This week, 34 global technology companies announced the launch of the Global Cybersecurity Tech Accord, which is a set of principles that these companies promise to abide by. They want to “protect and empower civilians online and to improve the security, stability and resilience of cyberspace.”
The companies made commitments in four areas. Their promises include:
- Providing a stronger defence against cyberattacks, pledging to “protect all customers globally regardless of the motivation for attacks online”
- Not helping governments launch cyberattacks against innocent citizens and enterprises from anywhere, including by protecting their users “against tampering or exploitation of their products and services through every stage of technology development, design and distribution”.
- Empowering developers and the people and businesses that use their technology, helping them improve their capacity for protecting themselves.
- Establishing formal and informal partnerships with industry, civil society and security researchers to improve collaboration, for instance on coordinated vulnerability disclosures
It is not immediately clear whether the new accord will result in changed policies in some companies as a result of the signing this Tech Accord, and it is also not clear how this Tech Accord will be translated in practice. Will the signatories oppose any government-mandated backdoors in their products? Will they decide not to enter a market if they need to hand over the source code of their products?

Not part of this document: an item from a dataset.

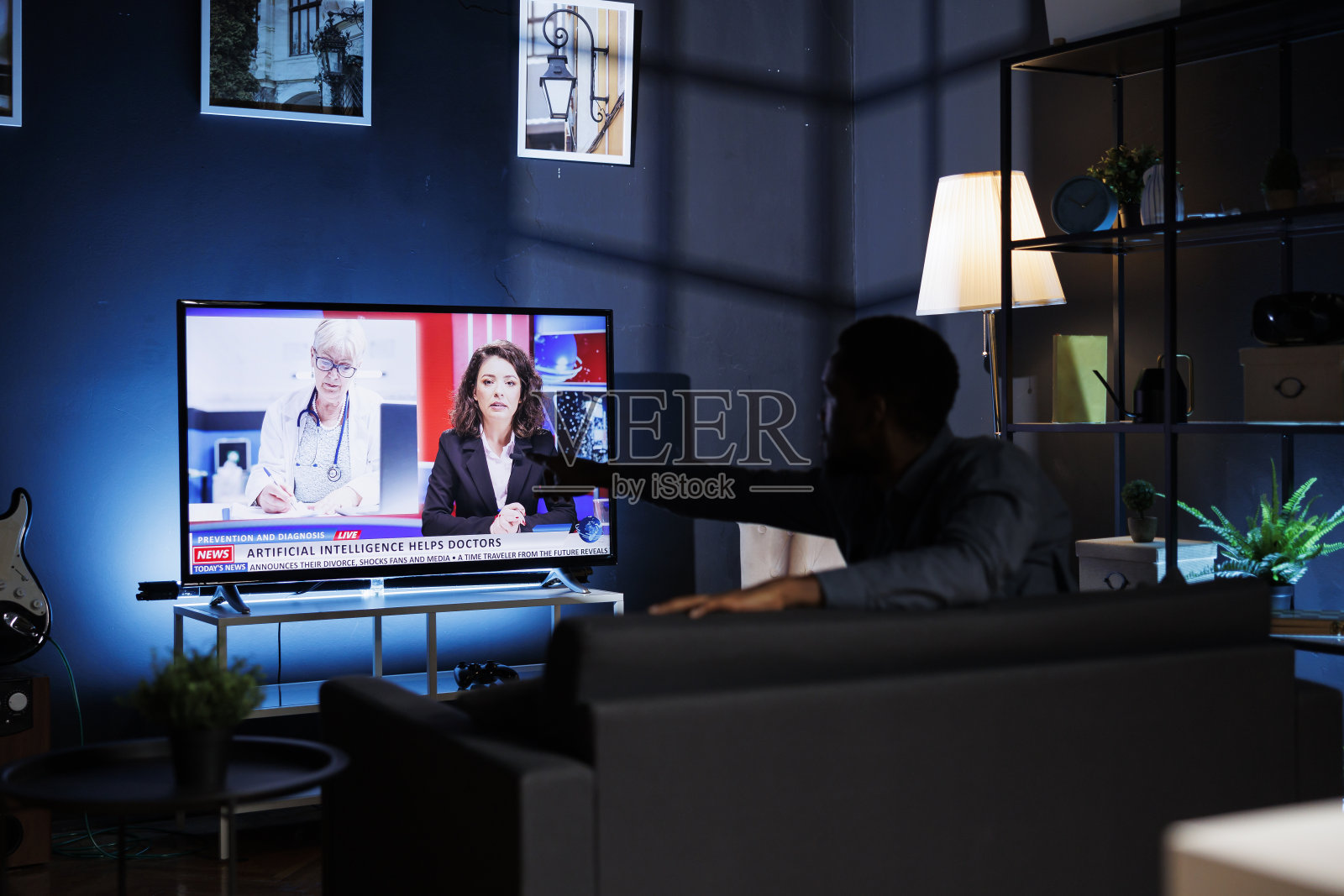 关注时事新闻的市民照片摄影图片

There is a trend towards norms being developed by the private sector. While industry-collaboration should be encouraged, it can never replace the creation of responsible norms for state behaviour in cyberspace and laws. Clearly, while private companies have a significant responsibility towards the public, they do not serve the public interest necessarily, and sometime profit models and incentives are at odds with accountability and transparency. In the Global Commission on the Stability of Cyberspace we work on proposing norms with a broader set of stakeholders. Challenges around the protection and governance of the open internet require governments, civil society, the private sector and internet users to come together.
But cybersecurity and digital rights should also be top of mind for policy makers. According to NATO assistant secretary general Sorin Ducaru in geopolitical circles “cyber is still seen as a technical problem constricted to the virtual world”. This is a strategic mistake. States should not waste time to develop normative restraints on state behaviour in cyberspace to secure trust in digital infrastructure, protection of human rights and avoiding a digital arms race. In the EU we are currently working on the adoption of the EU Cybersecurity Act, which will establish at least some norms for companies that want to operate in the EU. The disclosure of software vulnerabilities is one area where the EU can make significant improvements. As the Chair of the CEPS Taskforce on Vulnerabilities Disclosure, representatives from governments, companies and civil society presented recommendations, that should lead to higher EU standards and a level playing field. The Tech Accord should enforce the call to action for more leadership towards norms and rules for the open internet and cybersecurity, in the public interest.